日本語で文章を書くと、どう頑張っても皇居に行きつく、といったことを、誰だろう、村上龍だっただろうか、対談集で述べていて、とにかく私は驚いた。
なにをとんでもないことを言っているのだろうか。理解を示さずに断じることもできたのだろうけれど、好奇心が湧いた。どういう意味か知りたくなった。けれど彼の発言の根拠となるような考え方を紹介する学術書や新書に出会うことが今もってできておらず、咀嚼できていない歯がゆい気持ちだけが私のみぞおちをなぜている日々である。
たどり着くことを避けられない場所。
音楽でいうとツーファイブだろうか。
コード進行を多少なりとも理解している人ならば、いかに多くの楽曲が、ツーファイブによって楽曲の解決を得、またはそれを避けることで解決を避けているか、そのおびただしい数の営みを、ほとんどすべての楽曲で目にしていることだろう。
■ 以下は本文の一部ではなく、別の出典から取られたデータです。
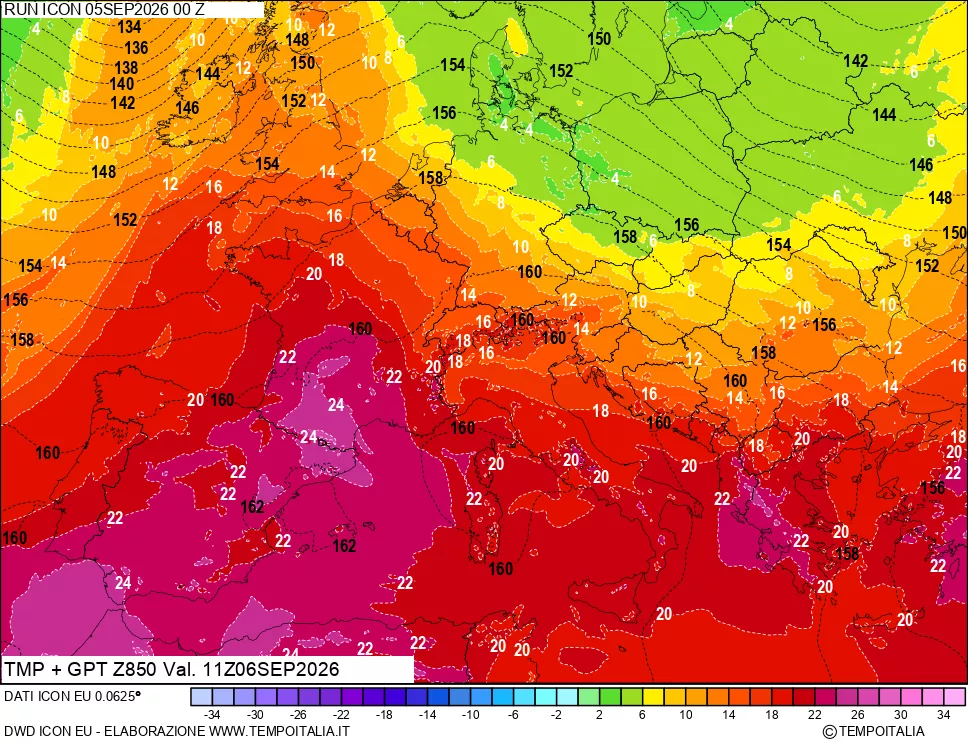mappa 850 hPa Temp
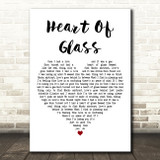 Blondie Heart Of Glass White Heart Decorative Wall Art Gift Song Lyric Print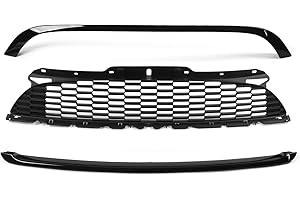 OTUFAN Juego De 3 Piezas De Parrilla De Parachoques Delantero, Kit De Moldura De Rejilla De Moldura De Capó Delantero, Piezas De Repuesto Para Mejorar La Apariencia Negro Brillante Para Mini Cooper R56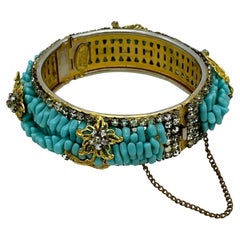 1940er Miriam Haskell Detaillierter handverdrahteter Scharnier-Armreif mit Scharnier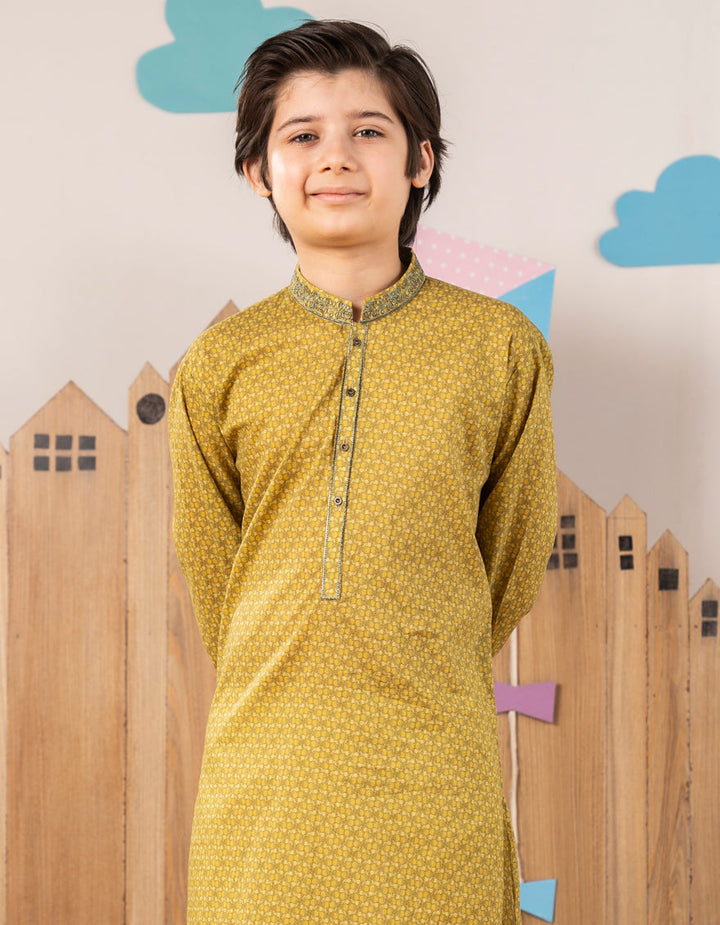 Cotton Yellow Kurta- J. Junaid Jamshed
絶対に通らなければいけない回廊があって、皆そこを通っていくのを、中庭を突っ切ることで端折るのは、結局回廊の存在を認めることと同じようなものである。
別の宇宙を目指そうと思えば目指せるわけで、それは例えば私が毎月3日にあげているたどたどしいお経も、もしかしたら別の宇宙かも知れず、David Bowie の『Aladdin Sane』も、結構まともな楽曲じゃなかったような気がするなあ。
いやそもそも、楽曲は時間の経過とともに「移動している」のだろうか。仮にそうだとしたら、微動だにしない音楽とはなんだろうか。
Thee Michelle Gun Elephant の楽曲は、かっこいいなあと、少年の心をくすぐられるものもあるけれど大抵の楽曲が退屈だった。
ダラダラと、煙草を吸って吐いて、消すのを忘れて指先を火傷する、誰に聴かせるでもなく小さく舌打ちをして、こぼした灰はそのままに、ぬるくなったビールを流し込み、防腐剤の溶かしたアルミの味にまた嫌な気分になるような、頽廃的でテンポの悪いムード。
あの退屈さが、たまらなく心地よくなるもので、Rosso に至っては碌なソロもないのに6分ものスローテンポのブルースがあって、感嘆する。
明日にはトマトが色づくだろうか。